An important consideration for a small business owner when looking towards the future is the possibility that the ownership of their business may change. In fact, a third of privately owned businesses in the UK expect that this will happen to them within the next ten years, a slightly higher amount than the worldwide average.
Over half of all business owners in South Africa and New Zealand expect a change of ownership, the highest level in the world. At the other end of the scale, only about a tenth of Russian and Indian businesses expect a change. Businesses in the Phillipines, a rapidly developing nation, have in the past two years gone from almost no expectation of ownership change to nearly half of all business owners thinking it will happen to them. This is in contrast to the UK where the figure has remained the same since 2003, although if the anticipated crackdown on capital gains tax relief happens then a large increase is expected.

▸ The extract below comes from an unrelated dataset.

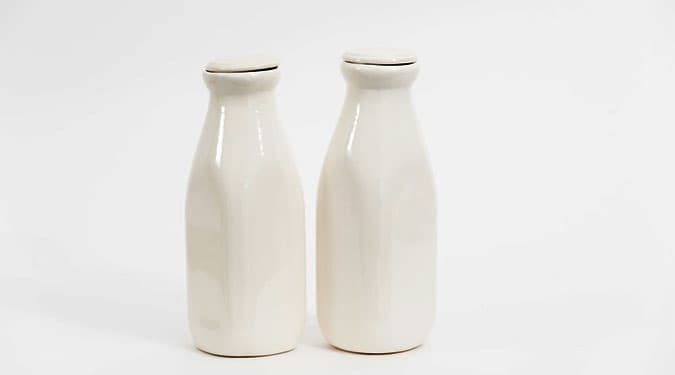 two white ceramic bottles of milk with lid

The reason for different countries having such huge differences is thought to be related to low interest rates, banks willing to lend and successful businesses with high profits creating an entrepreneurial culture. This is particularly true in the high levels of anticipation of business ownership change throughout the western world.
For many businesses in the UK it will be useful for them to have some form of an exit plan in case the day comes when it seems like the right time to sell. This is because:
- It will be one of the most important decisions you ever make, both for the company and your own finances
- In order to continue the success of the business following a transition of ownership meticulous planning is required
- You will wish to make as much money from the sale as possible!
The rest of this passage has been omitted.